# Directions for this task
Please repeat, precisely as written, only the lines from the one containing "Science Not Fiction (Blue) by Gomisan" through the last line of the records below, pictures omitted.

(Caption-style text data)
◇ ◇ ◇ ◇

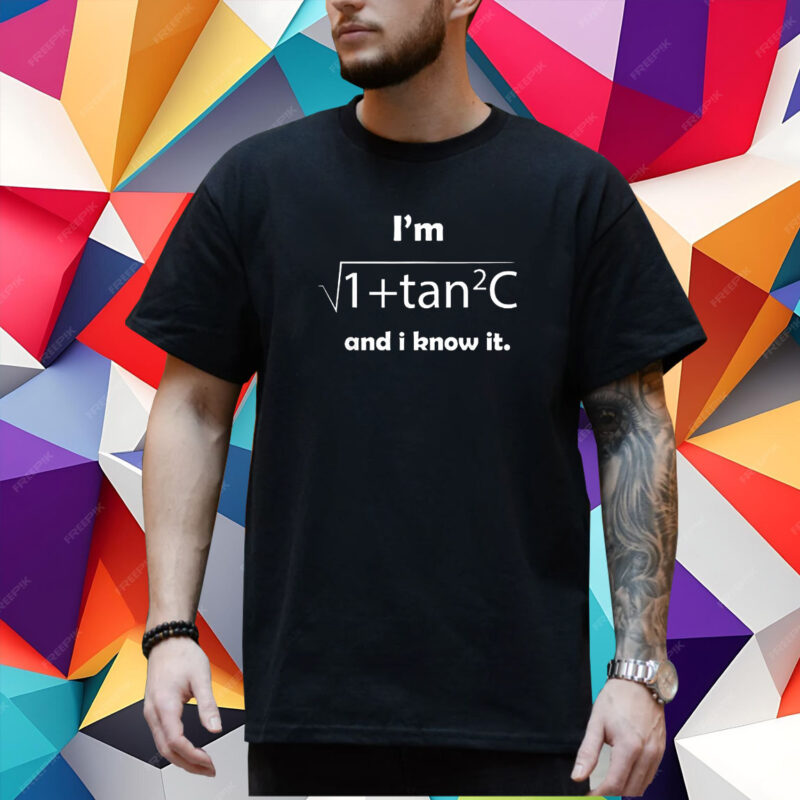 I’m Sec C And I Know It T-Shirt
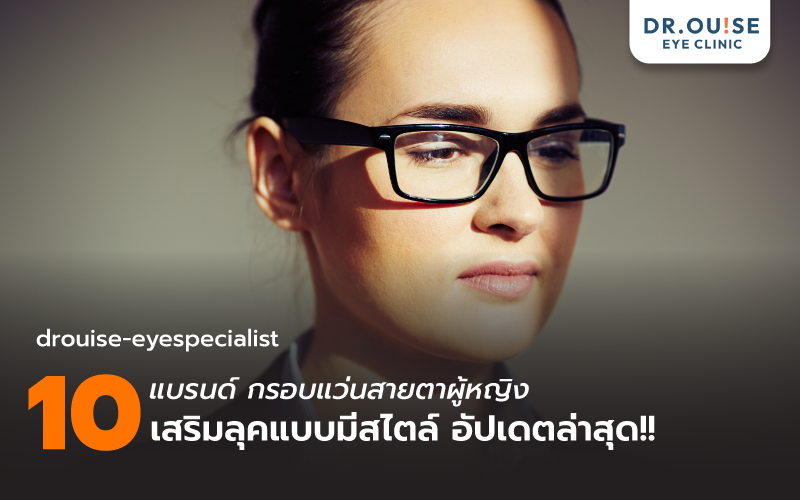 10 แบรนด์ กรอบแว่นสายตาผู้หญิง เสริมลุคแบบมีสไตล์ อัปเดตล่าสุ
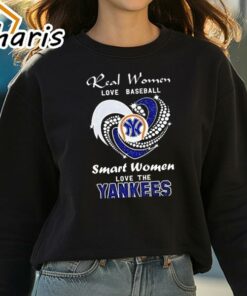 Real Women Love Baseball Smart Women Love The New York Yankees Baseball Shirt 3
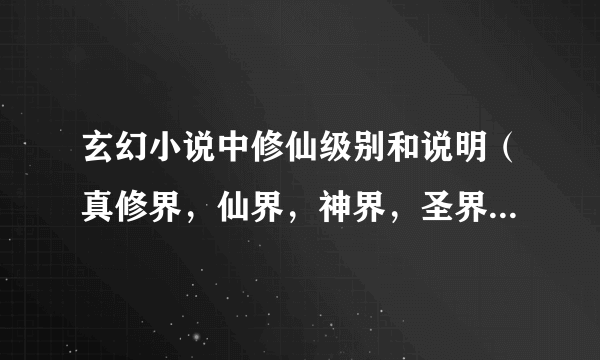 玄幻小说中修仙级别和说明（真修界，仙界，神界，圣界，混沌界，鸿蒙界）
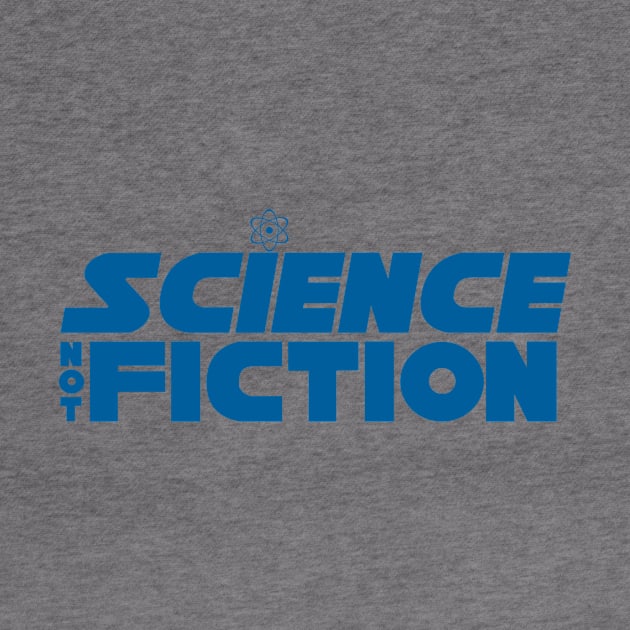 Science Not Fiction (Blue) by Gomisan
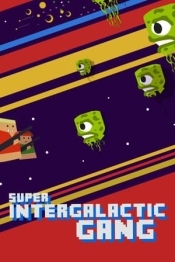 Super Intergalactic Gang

◇ ◇ ◇ ◇

# Result of the task
 Science Not Fiction (Blue) by Gomisan
 Super Intergalactic Gang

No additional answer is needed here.